It has to be a mater, not one of those hard pink bromide ripened orbs found in the grocery stores! A mater is God’s gift to His beloved, nourished with love, kissed by the sun, and grown with tender loving care. A tomato is different, far different. It was produced hundreds, if not thousands of miles away in an enormous field with millions of others. Intentionally picked green by someone you hope washed his hands after using the porta-potty and packed into a cardboard box by another who may have just picked lint from his belly button. It travels by boxcar across the nation accompanied by any number of vermin only to find itself thrown into a controlled environment containing bromide gas. The gas causing the hard greenness to transform into redness yet preserving the aberrant crispness a tomato ought not to have.
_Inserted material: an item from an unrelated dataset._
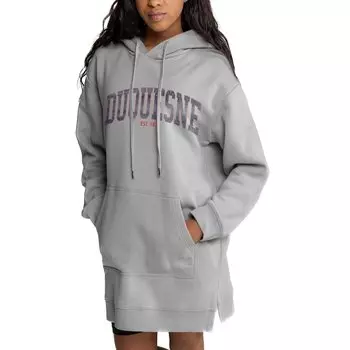 Платье-худи Gameday Couture Duquesne Dukes, серый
A mater isn’t a commodity; it is the quintessential essence of summer. Partake, and you enjoy the warm embrace of summertime. That red juice running down your arm staining your freshly pressed white linen suit (you don’t wear one while eating a proper mater sammich?) – wear it as a badge of honor – proof you KNOW what a great mater sammich is all about!
Leaving the restaurant, David again questions his inner reality; “Am I that fussy?” Imprisoned in a PC world, he senses he is probably considered a piggish, chauvinistic and opinionated Neanderthal misanthrope. His mind cues the picture of that sliced smoked brisket followed by the picture of that mater sammich complete with the requisite bacon. In his world, the mater and the lettuce neutralize all the bad stuff. “Yep, that’s my logic – and I’m sticking to it!”
"BTW, I’m not all that fussy either! I before E except after C. Weird!"